Data under study:
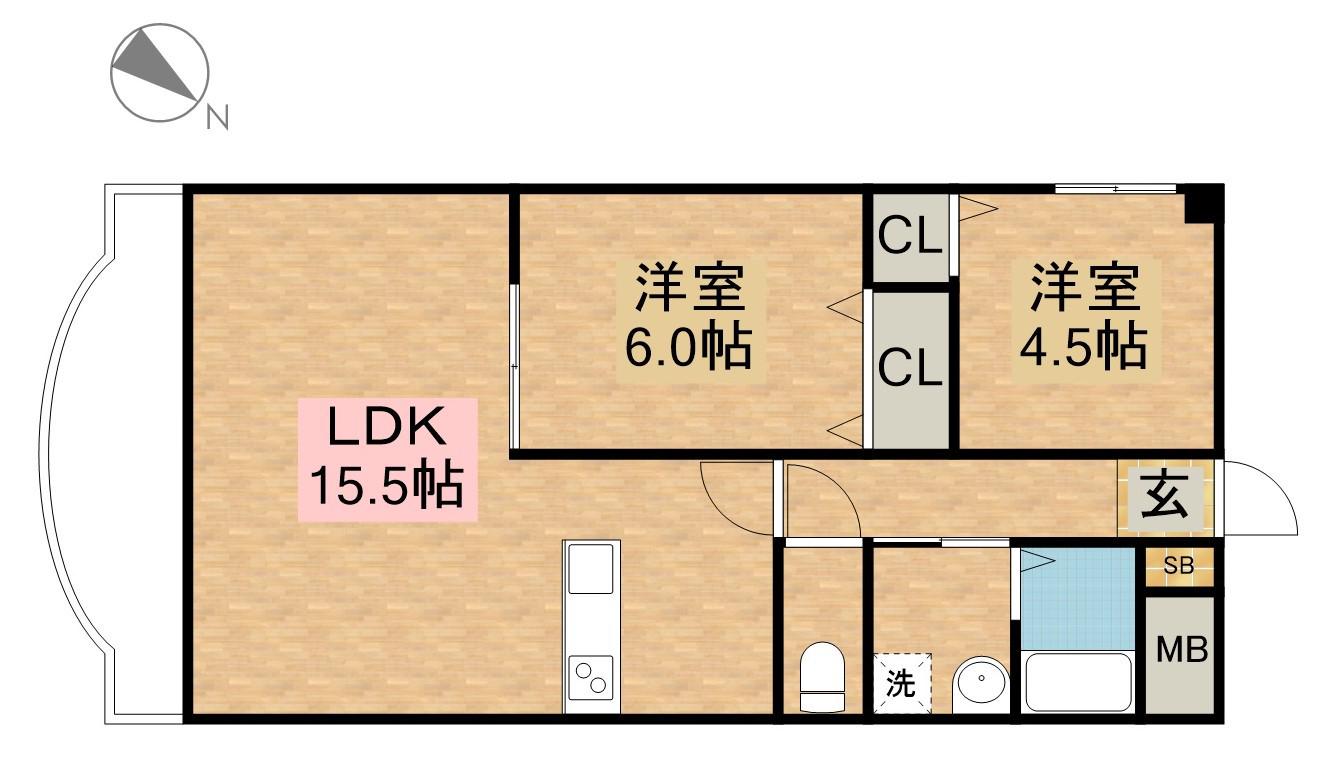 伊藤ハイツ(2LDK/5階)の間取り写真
==
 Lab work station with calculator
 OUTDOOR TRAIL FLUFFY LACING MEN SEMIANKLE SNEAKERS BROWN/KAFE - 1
* * *
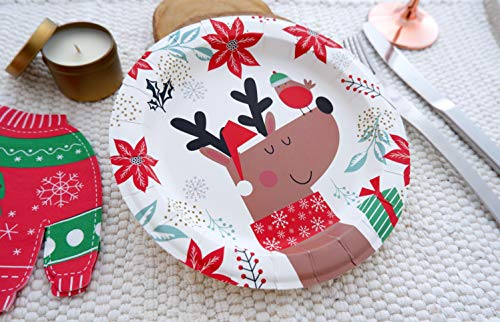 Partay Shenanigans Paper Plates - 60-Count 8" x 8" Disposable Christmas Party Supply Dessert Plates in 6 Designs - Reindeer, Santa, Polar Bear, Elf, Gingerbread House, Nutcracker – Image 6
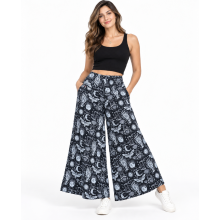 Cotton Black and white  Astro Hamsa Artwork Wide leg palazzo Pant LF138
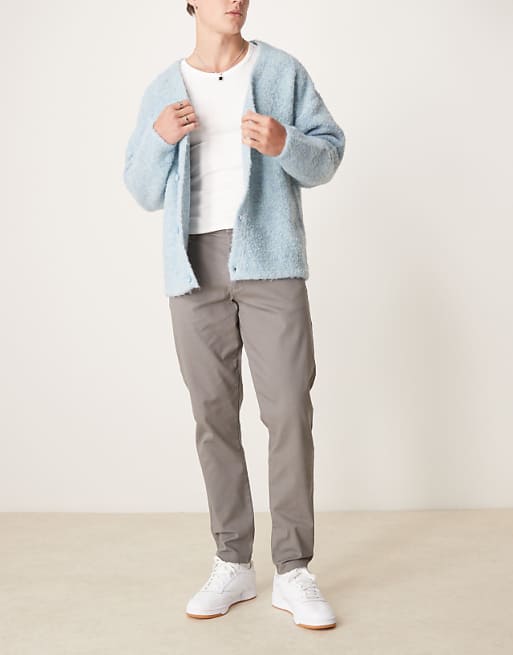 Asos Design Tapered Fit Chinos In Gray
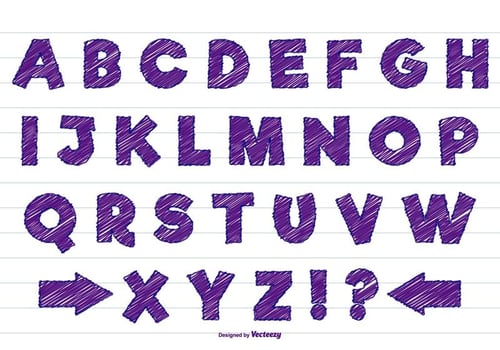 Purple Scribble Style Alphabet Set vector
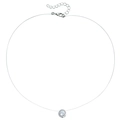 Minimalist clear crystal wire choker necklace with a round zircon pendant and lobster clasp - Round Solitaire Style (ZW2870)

Goal of the exercise: Your task is to restate, word for word, only those lines above that fall between the line holding "Lab work station with calculator" and the line holding "OUTDOOR TRAIL FLUFFY", inclusive.

Solution to this task:
 Lab work station with calculator
 OUTDOOR TRAIL FLUFFY LACING MEN SEMIANKLE SNEAKERS BROWN/KAFE - 1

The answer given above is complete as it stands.